Knowledge of German may no longer even be a prerequisite for running a German corporation.
“Perhaps in recognition of, or as a consequence, of its global outreach, the working language of Deutsche Bank's management board is English, which also has been the company's official language since the $9 billion takeover of New York-based Bankers Trust in 1999,” Danielova added.
Moreover, Jain might actually be the perfect candidate for Deutsche Bank’s top job.
“Jain's appointment reflects the reality of an institution that, as a result of massive investments, has become one of the world's largest investment banks,” Danielova said.
“In good years, Jain and his team of fixed traders from all over the world have been responsible for two-thirds of the bank's total profits.
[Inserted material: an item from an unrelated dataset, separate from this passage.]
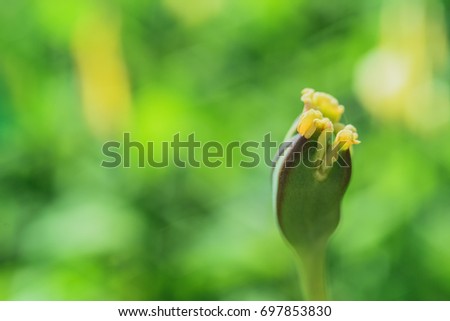 Study guide- reproduction flowers. Natural park: tulip on blurred background- beautiful bokeh.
Not offering Jain the top job was risking driving out the 'best candidate' and disappointing analysts and investors.”
With respect to Deutsche Bank’s new dual-CEO arrangement, Danielova concedes it has some risks, but makes sense in the current environment since, among other factors, Jain needs time to develop close relations with German politicians and top business executives.
“As with any dual leadership structure, it is pragmatic, but bears risks,” she said.
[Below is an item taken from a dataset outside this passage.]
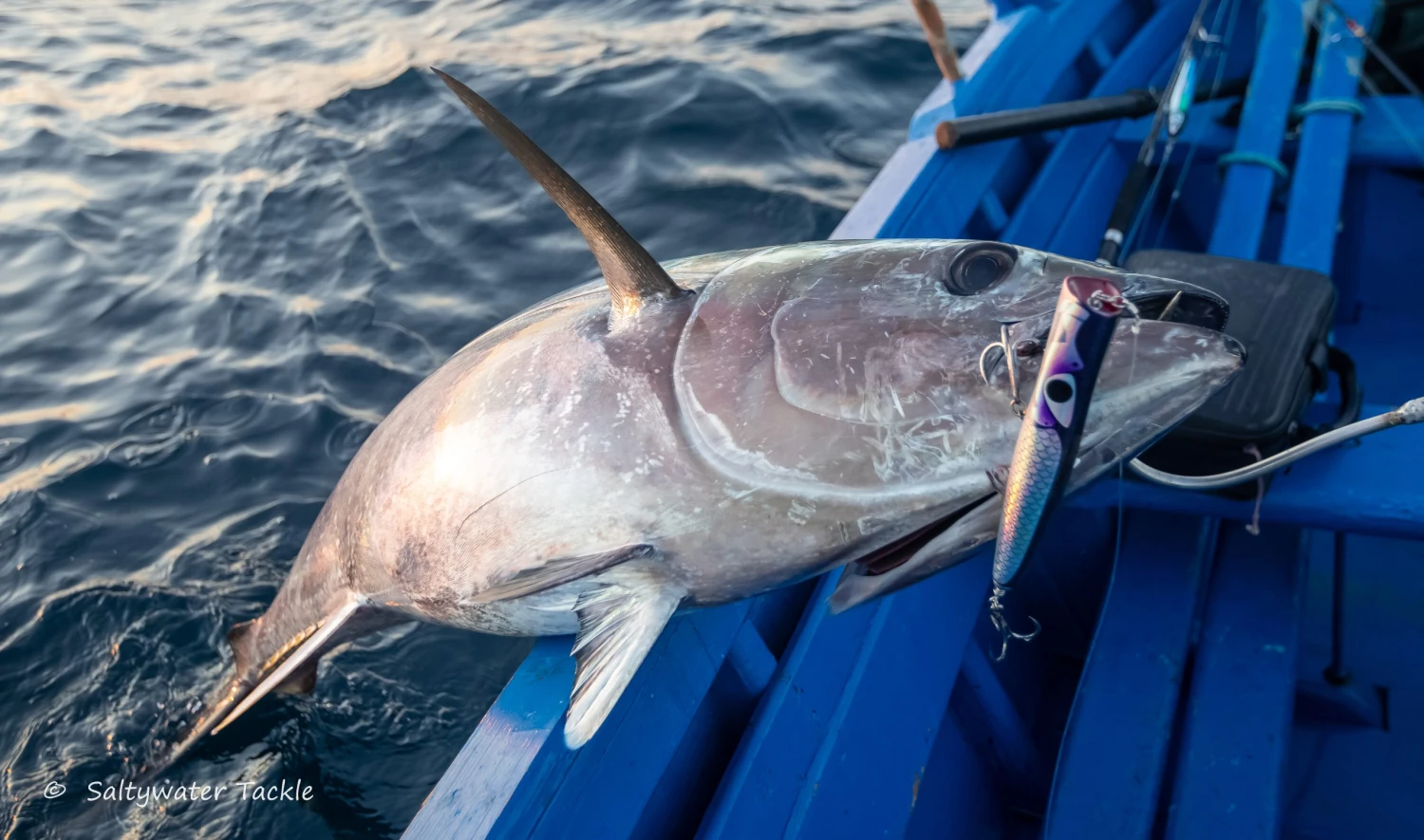 CB One Bazoo 220 1 CB One Bazoo 220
In the event Jain takes sole possession of Deutsche Bank’s top position, there is likely to be a drop-off in terms of the bank's relationship with German lawmakers -- and this is where Fitschen where will play a crucial role.
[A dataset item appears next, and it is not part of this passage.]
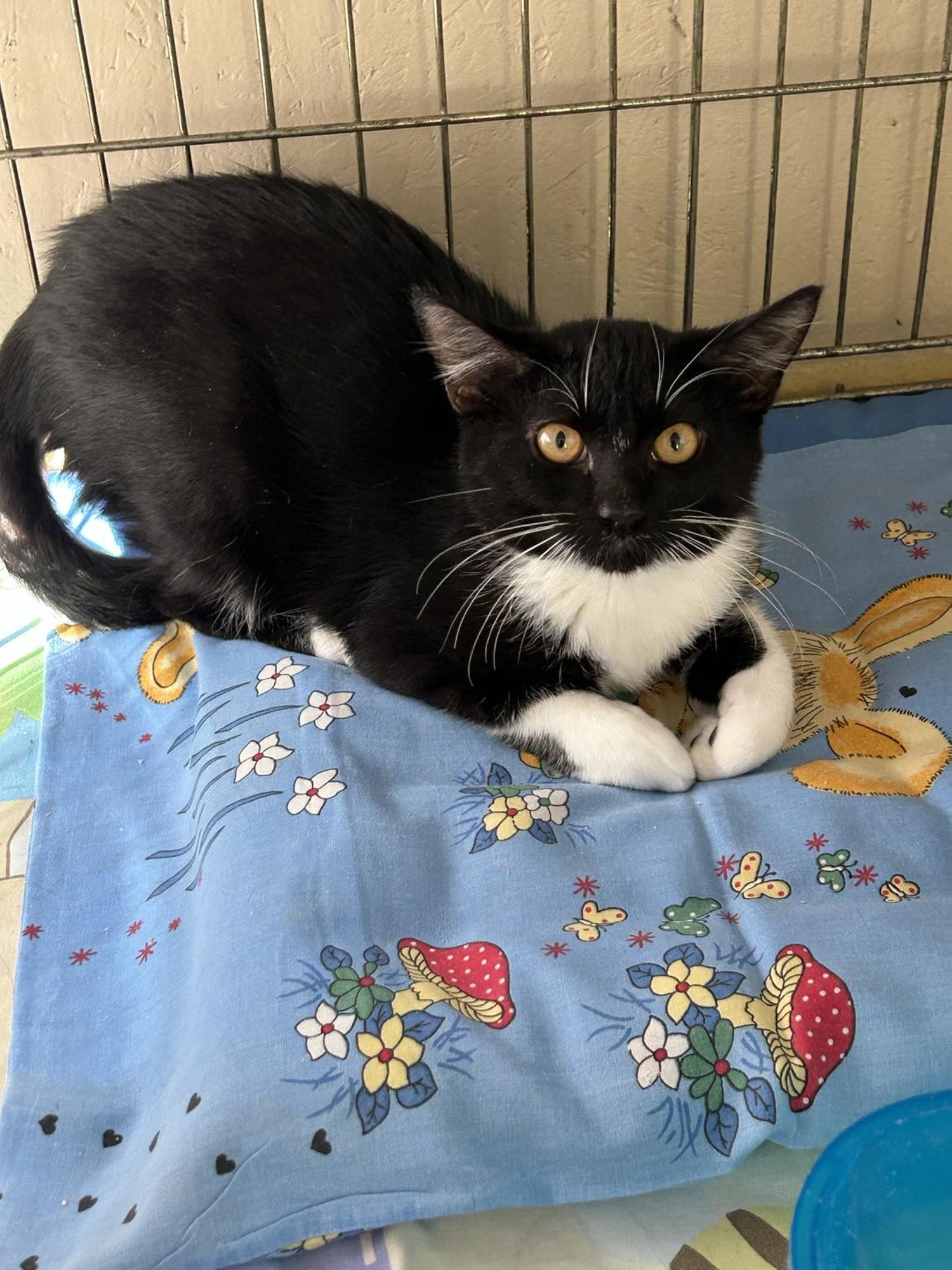 TAHAKS KOJU | Imelise muutumise läbinud Boston jagaks head-paremat nii loomade kui inimestega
“This is one of the responsibilities of Fitschen, to make sure this particular relationship stays intact,” Danielova declared.
“He is not unfamiliar with the German political establishment. Having him as co-CEO would also provide Jain with the opportunity to develop on his own. Also, it seems that Jain brings valuable connections of his own: for example, it has been said that he has contacts with both George Soros and Warren Buffett.”
Still, among the 10 largest banks in Europe by asset size, only Barclays Bank of Britain has a boss not born in the country of the company's origin (Bob Diamond, an American).
This is not, however, necessarily due to any official corporate policies that discriminate against hiring non-natives. Indeed, in some cases, particularly with Asian companies, there are cultural and language obstacles that preclude the naming of foreigners to top executive positions.
“I know only of one Asian country that now has an official ban on foreign CEOs,” said Danielova, referring to Indonesia, where the rule went into effect Feb. 29.
“Indonesia has banned foreigners from holding the post of chief executive officer and human resources (HR)-related positions at local firms. The rule would be limited to wholly owned local companies and would not apply to foreign-owned companies.”
At any rate, an Indian taking over a prominent German company simply is a testament to a globalized economy.